Epilepsy is a neurological disease. It is a seizure disorder characterised by a burst of electrical activity in the brain, which temporarily interferes with the normal working of the brain.
In normal person, neurotransmitters e.g. dopamine and electrical pulses carry messages from the brain cells and transfer these messages to other neurones in orderly fashion.
But when a seizure occurs, the orderly transfer of messages is interrupted causing many neurones to flood the system by sending messages all at the same time.
This results in a flood of electrical activity, which temporarily disrupts the regular working of the brain so that the person is disorientated, speechless, unconscious or even stop breathing.

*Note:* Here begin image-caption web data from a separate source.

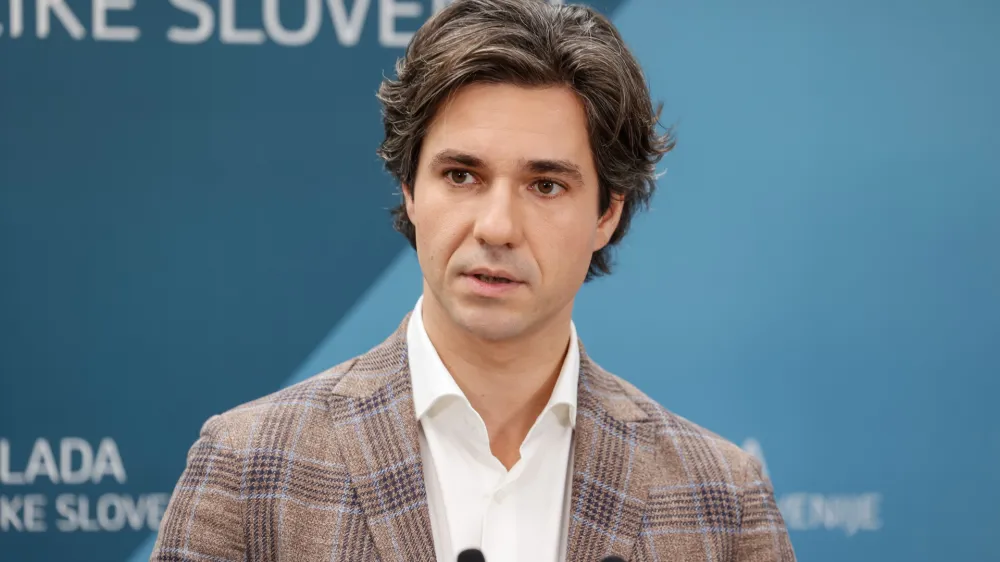 Ljubljana, vlada.<br>Novinarska konferenca po seji vlade.<br>Minister za delo, druzino, socialne zadeve in enake moznosti Luka Mesec.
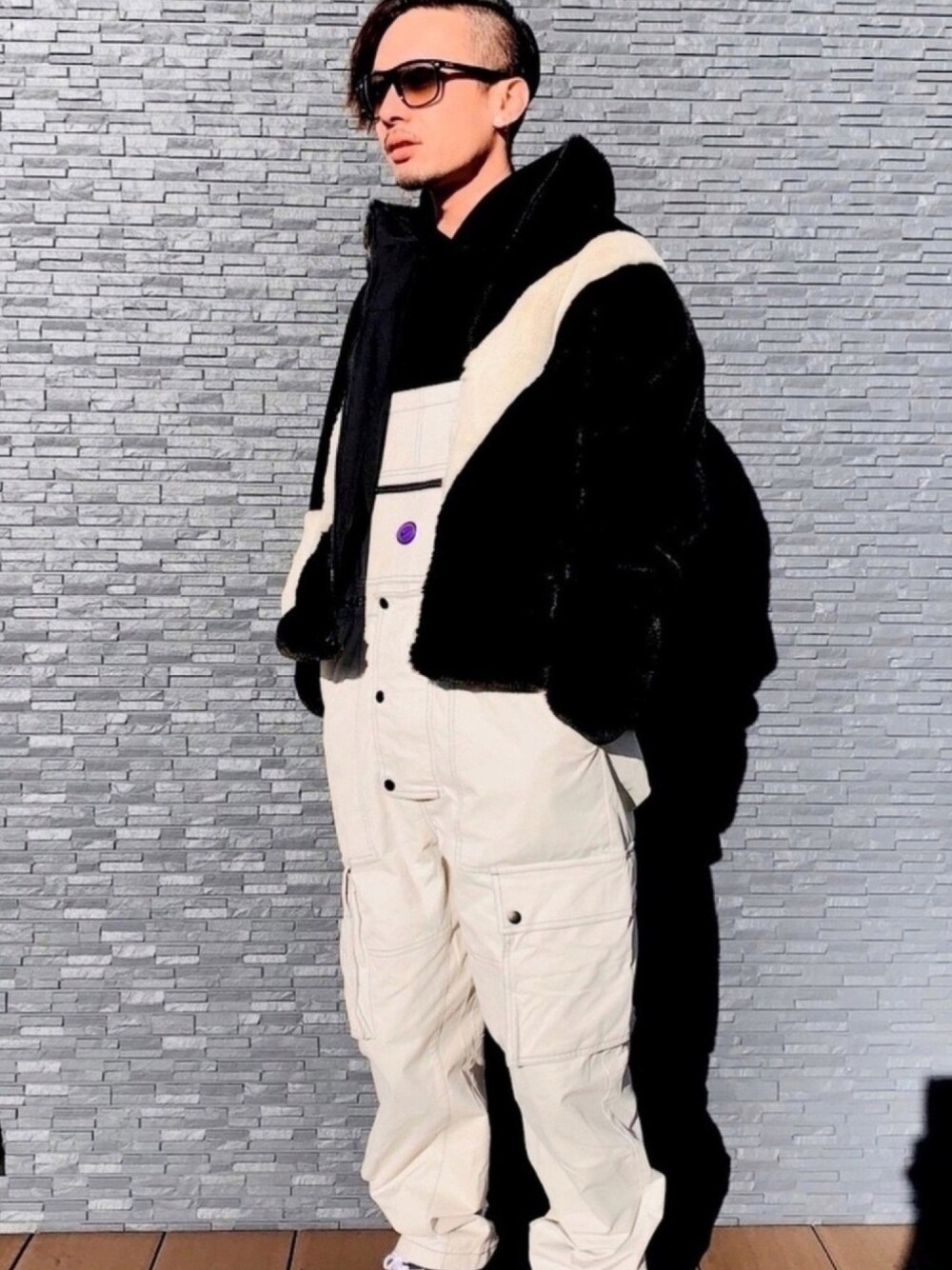 「ビッグシルエット、ストリート系、NIKE、オーバーオール、おしゃれさんと繋がりたい、今日のコーデ、休日スタイル、ストリート」｜「NIKEのナイキ スポーツウェア ウィメンズ フェイク ファー ジャケット / NIKE（ブルゾン、ブラック系）」を使った、AGTさん（メンズ・170cm）の冬コーディネートの1枚目の写真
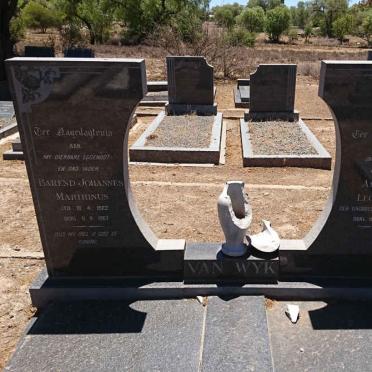 WYK Barend Johannes Marthinus, van 1922-19?7 &amp; Amalia Leonora GROBBELAAR 19??-2000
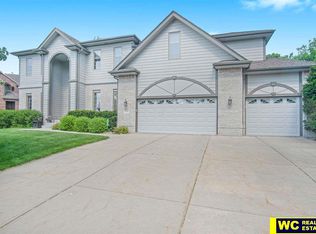 1114 Stone Creek Dr, Blair, NE 68008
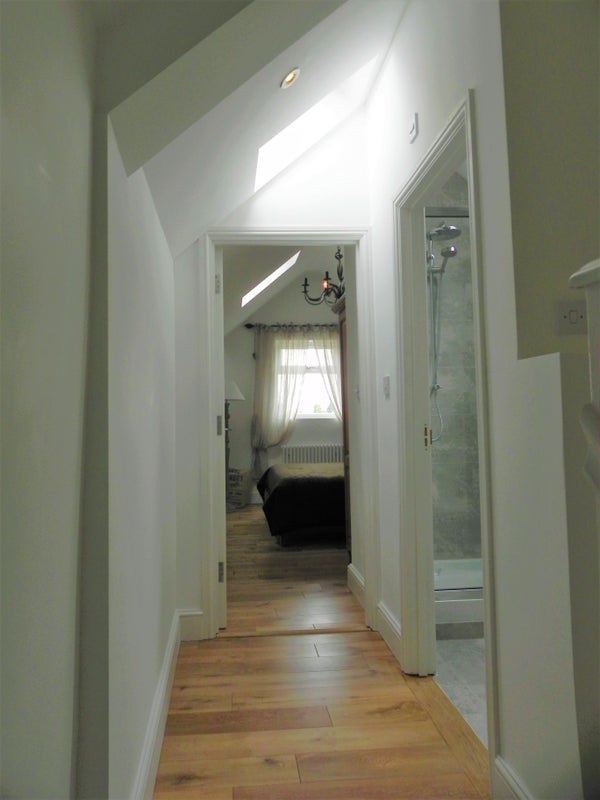 Room Benares Road in Greater London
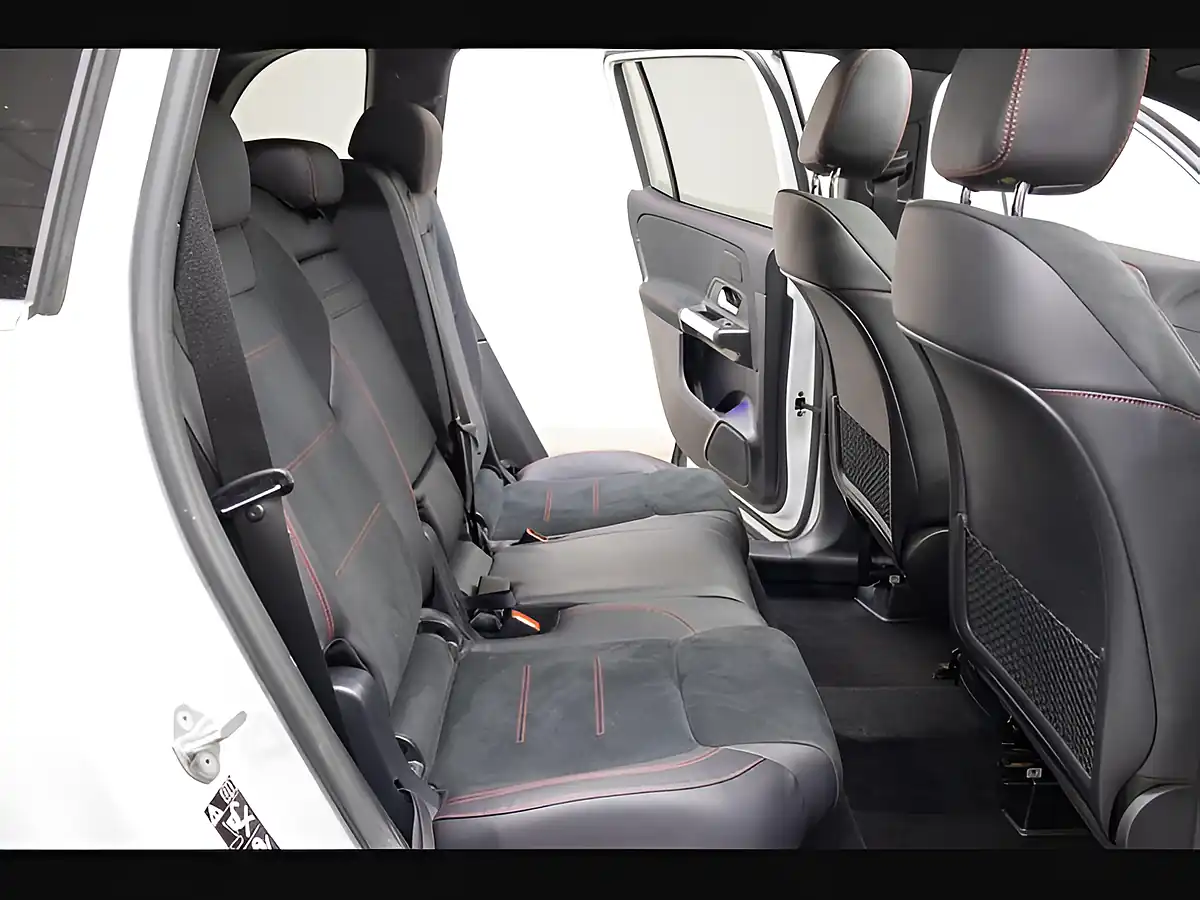 Used 2021 Mercedes-Benz Glb AMG Line (premium Plus) White - Interior and Exterior details 11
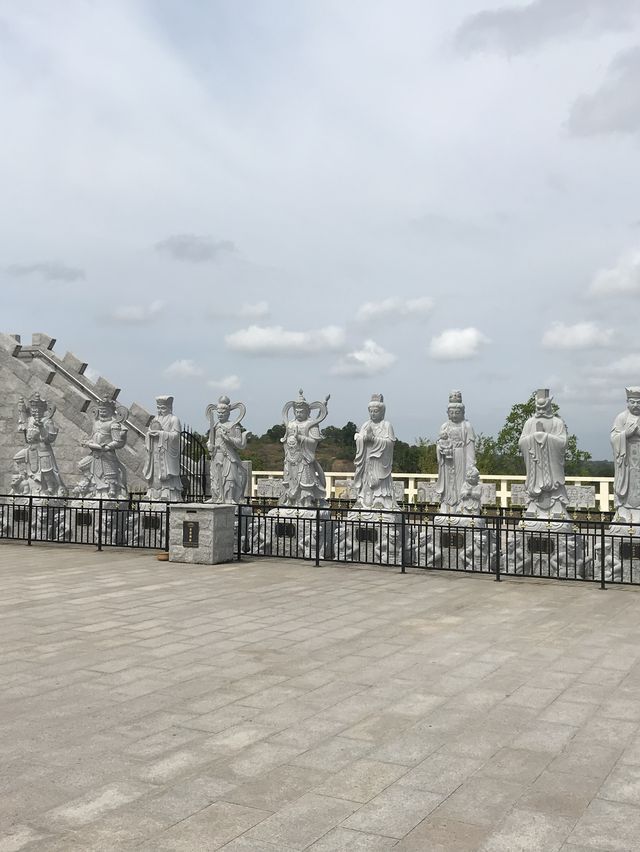 500 Lohan Temple in Bintan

There are ca. 65 million people worldwide with the epilepsy disease condition. It is mainly seen in children (including one-third of those with autism spectrum disorder) and those above 60 years old. Its cause is quite broad and sometimes unknown.
In children, some of the common causes are maternal drug abuse during pregnancy, lack of oxygen at birth, electrolyte deficiency in blood e.g. calcium and magnesium, and blood sugar. In the over 60s, strokes, tumours and Alzheimer’s are quite common causes of the disease.
But in general Down’s syndrome, TB, high fever, head injuries, neurone imbalance, scarring of the brain by infections and congenital genetic disorder are frequently seen in epileptic conditions.
The part of the brain that has been implicated in epilepsy cases is the temporal lobes, and embedded into these lobes is the hippocampus, which is responsible for memory and learning.
The hippocampus is quite delicate and susceptible to scarring by seizures, and if untreated, it may shrink and harden, giving rise to hippocampal sclerosis, a common cause of drug-resistant epilepsy in adults.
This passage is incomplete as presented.